Proof : (a) Consider a triangle $\Delta XAB, \ A=A_1,\
B=A_2$ with side lengths $$x=|XA|,\ y=|XB|,\ z=|AB|$$ and $\theta =
\angle \ AXB$. Assume that
$$ x \geq y \geq z
$$
Then prove that $$ \theta \leq \frac{\pi}{3}$$
Proof : By 2nd Cosine Law, we have $$
x^2+y^2-2xy\cos\ \theta = z^2 $$
If $\theta > \frac{\pi}{3}$, then $\cos\ \theta <\frac{1}{2}$ so
that $$\frac{ x^2+y^2-z^2}{2xy} =\cos\ \theta < \frac{1}{2} $$
which is a contradiction.
(b) If there is $\theta$ with $\theta >
\frac{\pi}{3}$, then $z>y$. Hence we complete the proof.
We will assume that $$ \angle A_iXA_j \leq
\frac{\pi}{3}$$ for all edges $[A_iA_j]$ in $P$.

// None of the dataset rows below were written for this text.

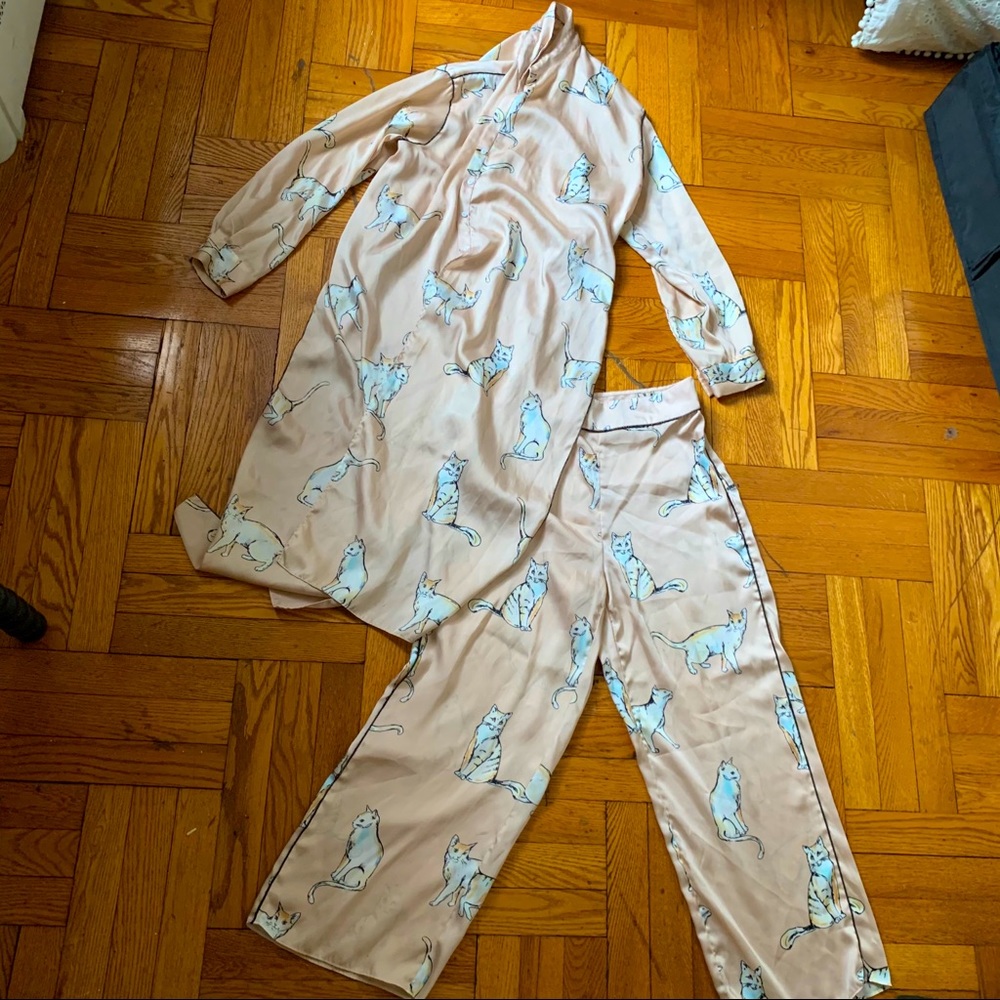 Zara 2 piece pink cat set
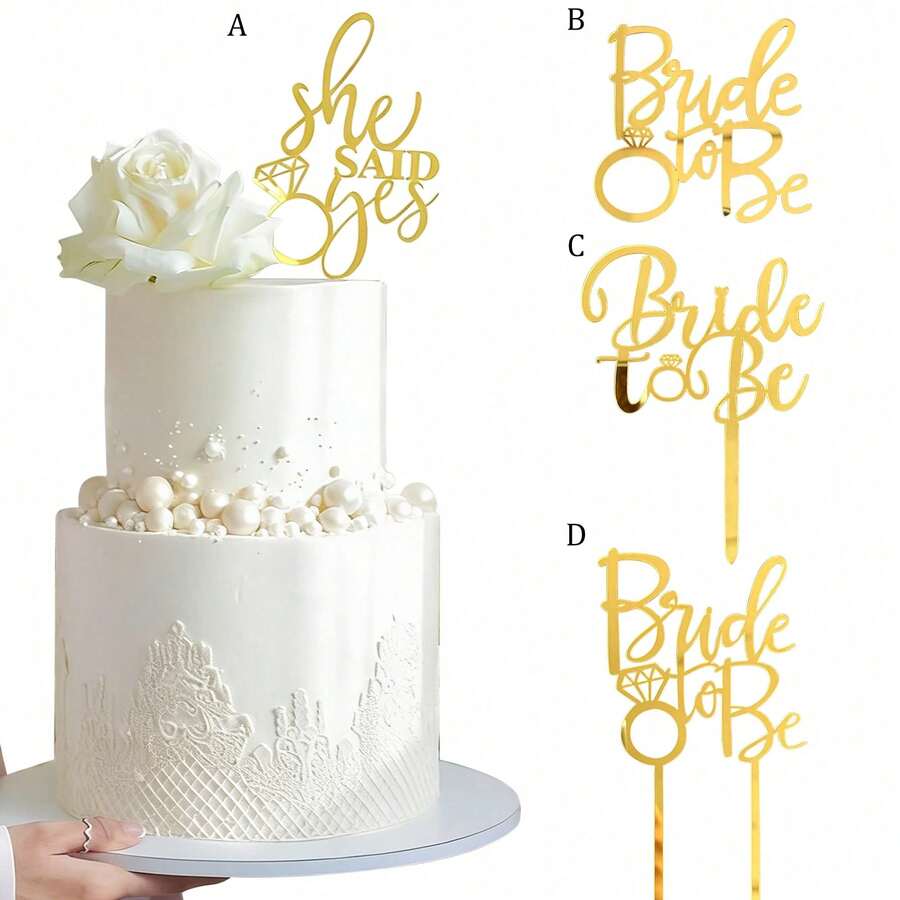 1pc/3pcs/6pcs Set Acrylic "She Said Yes" Cake Topper, Suitable For Bridal Shower, Engagement Party, Wedding Celebration - Multicolor - View 1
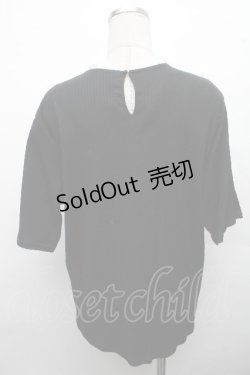 画像2: yukiemon / リブカットソー  黒ｘ白 S-26-04-04-058-0-TO-AS-ZS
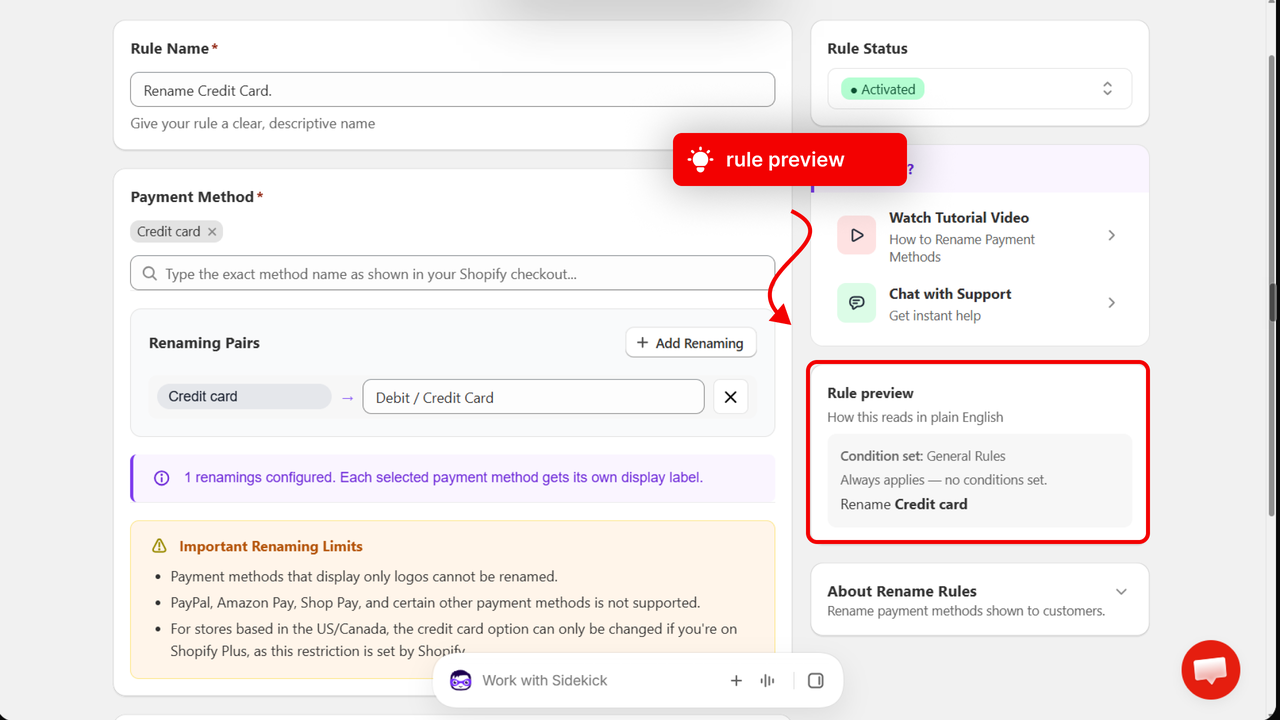 The completed rule page with an arrow pointing to the Rule Preview area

We define $$ a_i = \frac{A_i-X}{|A_i-X|} \in \mathbb{S}^2$$
Hence if $|\ast - \ast |$ is a distance function on
$\mathbb{S}^2$, then $|a_i-a_j| \leq \frac{\pi}{3}$ where $[A_iA_j]$
is an edge.
If $A_1,\ A_7$ are in diagonal position, then $$|a_1-a_7| \leq
|a_1-a_2| + |a_2-a_6|+|a_6-a_7| \leq \pi $$
If $M$ is a mid point between $a_1$ and $a_7$ (We have at least one
$M$), then we consider an open hemisphere $H$ s.t. $\partial H$ is a
great circle $M^\perp$
and $H$ contains $a_1,\ a_7$.
In $\mathbb{S}^2$, we consider a broken geodesic for example $\alpha
= [a_1a_4]\cup [a_4a_8] \cup [a_8a_7]$ whose length is $\leq \pi$.
If $\alpha'$ is $\pi$-rotation-image of $\alpha$ wrt $M$, then
$\alpha\cup\alpha'$ is a loop of length $\leq 2\pi$.
If this loop
escapes the closed hemisphere $\overline{H}$, then it intersects
$\partial H$ at some point $h$. Clearly, if $h'$ is
$\pi$-rotation-image of $h$ wrt $M$, then the loop contains both
points $h,\ h'$, which implies that this loop is in the great arc
between $h,\ h'$.
Hence points $a_4,\ a_8$ are also in the
hemisphere $\overline{H}$. In the long run all points $a_i$ are in
the hemisphere $\overline{H}$. Note that this is possible only when
$X$ is not an interior point. Hence we complete the proof.